DoubleCloud has become a corporate partner of The University of Utah’s Scientific Computing and Imaging (SCI) Institute in their groundbreaking pilot project called the National Science Data Fabric (NSDF). The Multi-Federated National Science Data Fabric Catalog is being developed to bridge gaps and streamline the access and storage of extensive scientific data generated and processed by leading scientific organizations and laboratories.
Currently, the catalog already contains around 70 repositories, with over 1.5 billion records totalling more than 75 petabytes of data. The data ranges from geologic-geophysical research databases to NASA image datasets.
The NSDF-Catalog is designed to achieve several related goals within a flexible microservice, including:
Coordinating data movement and replication from source repositories within the NSDF federation
Creating a registry of existing scientific data for the development of next-generation cyberinfrastructure
Providing a set of tools for data discovery for trans-disciplinary research.

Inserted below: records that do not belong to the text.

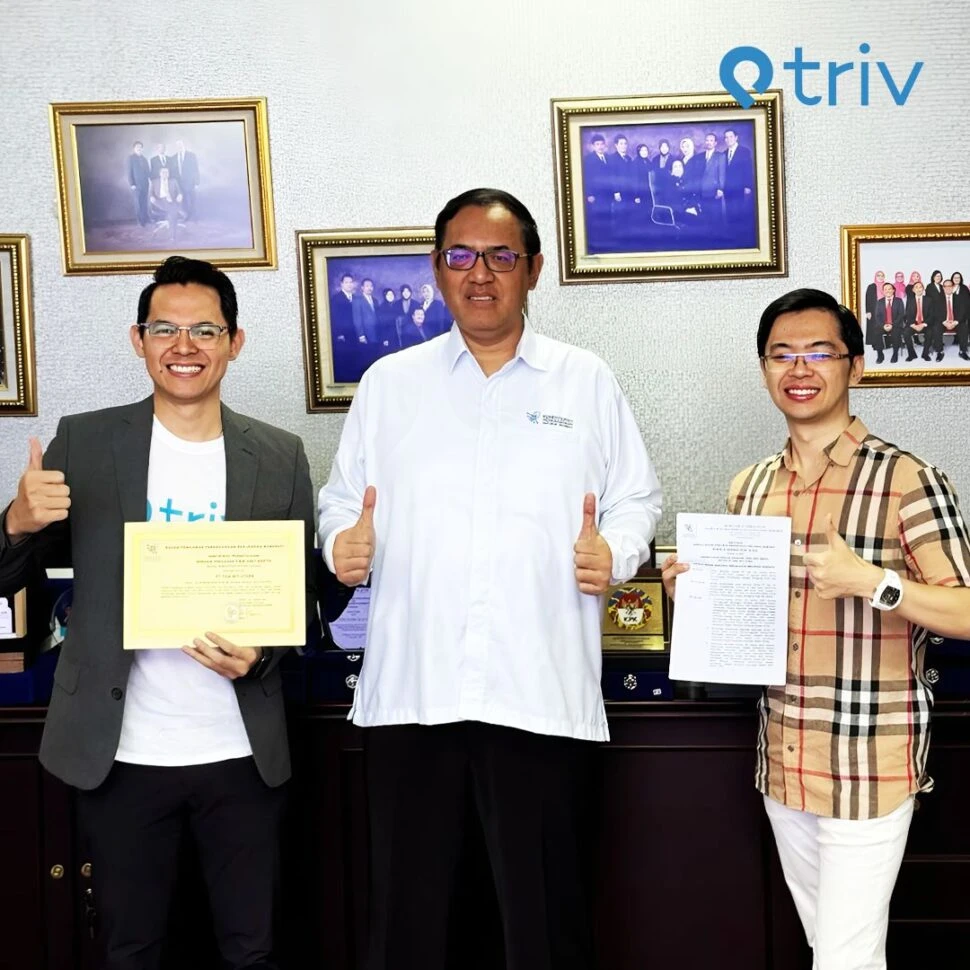 TRIV Resmi Terima Izin PFAK Penuh dan Izin Staking dari BAPPEBTI: Transaksi Kripto Kini Lebih Aman!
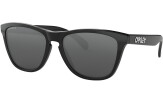 OAKLEY Frogskins Polished Black Prizm Black Polished Black Prizm Black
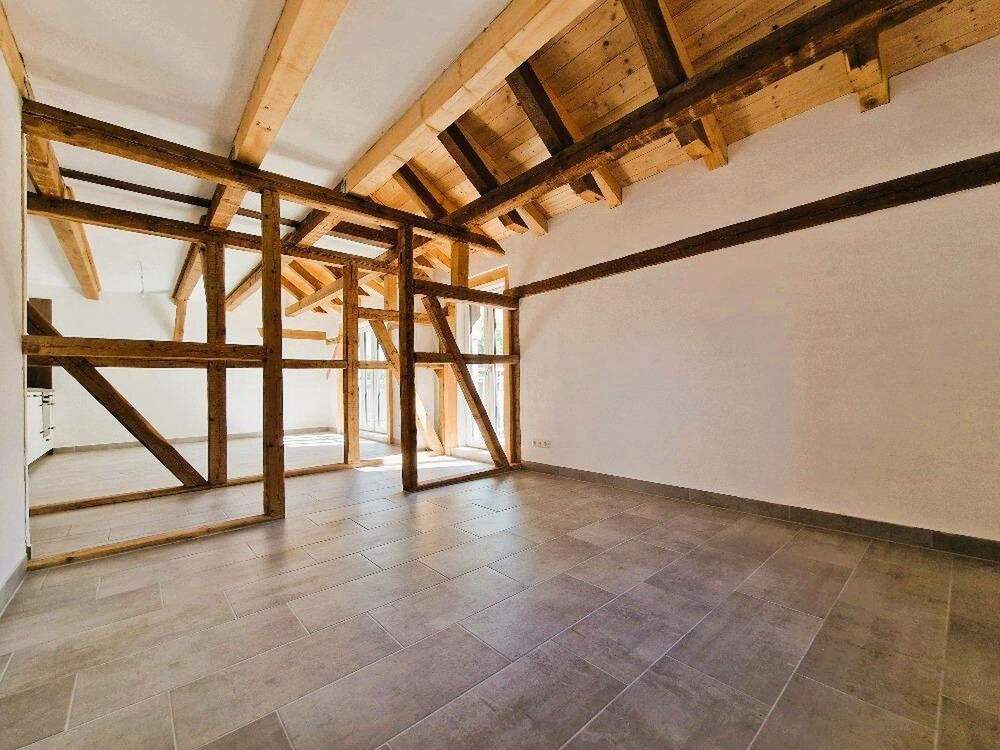 Thumbnail-OG Wohnung mit Balkon I NACHHALTIGSTE Immobilie Wolfsburgs, Lehmbau, PV - Autarkie und Appsteuerung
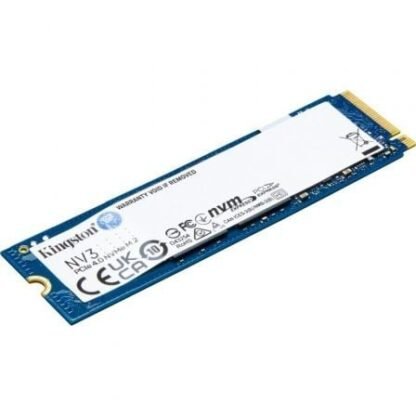 Disco ssd kingston nv3 4tb/ m.2 2280 pcie nvme/ full capacity - Imagen 2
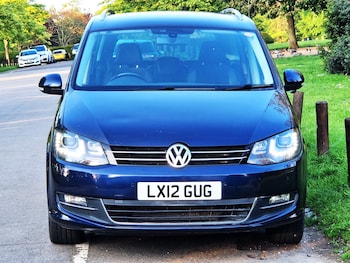 Used Volkswagen Sharan 2012 for sale - 75629471: Photo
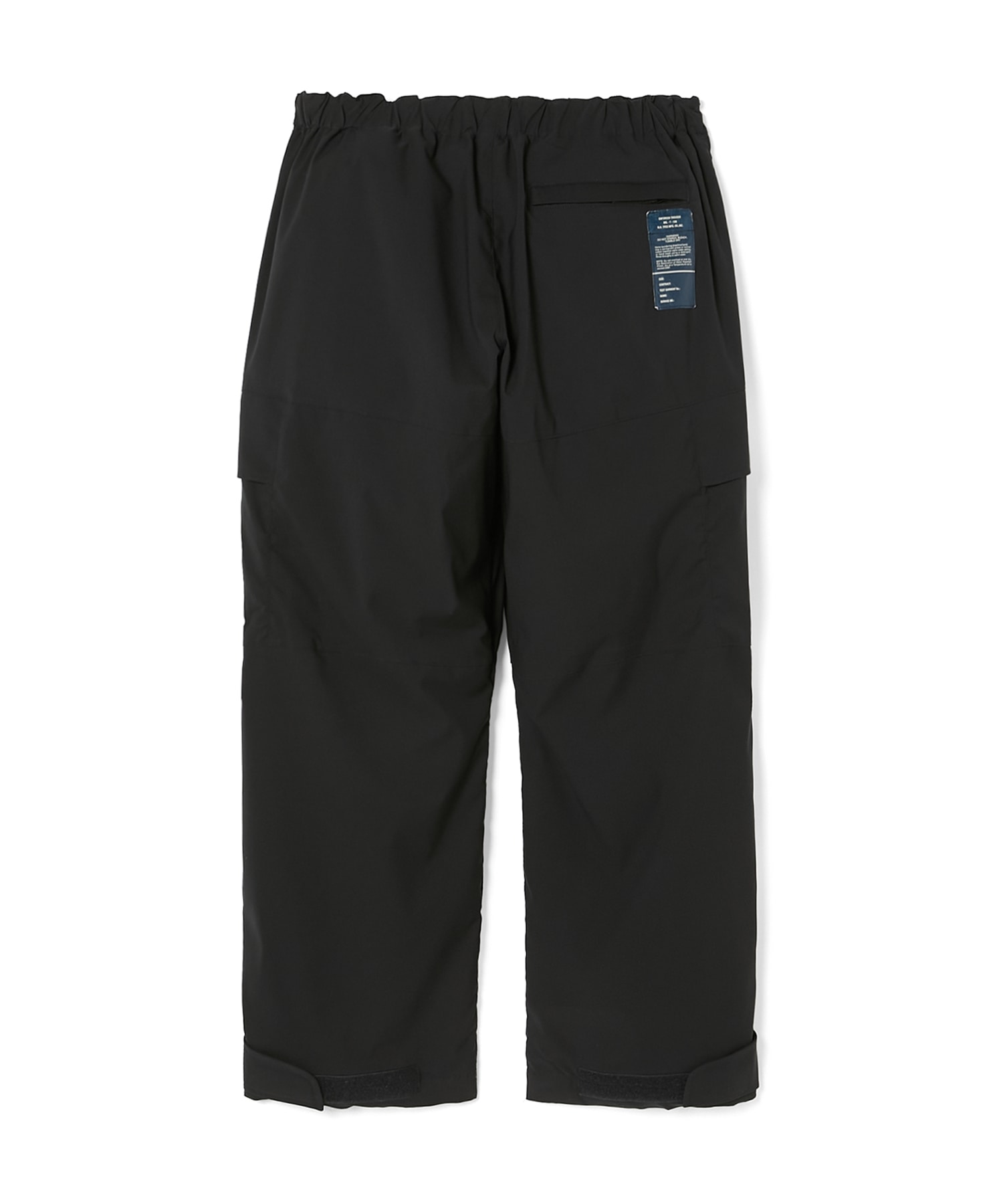 9252-CP03-001 6POCKET PANTS N.HOOLYWOOD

“At DoubleCloud, we believe that democratizing access to scientific data is crucial for innovation. We are proud to collaborate with the National Science Data Fabric initiative to develop the NSDF catalog. Being part of this project means for us that we can help researchers from various fields to find and access the data they need. It means new discoveries and scientific advancements. And if DoubleCloud can help in this journey, we will do so,” said Natalia Shuliak, COO of DoubleCloud.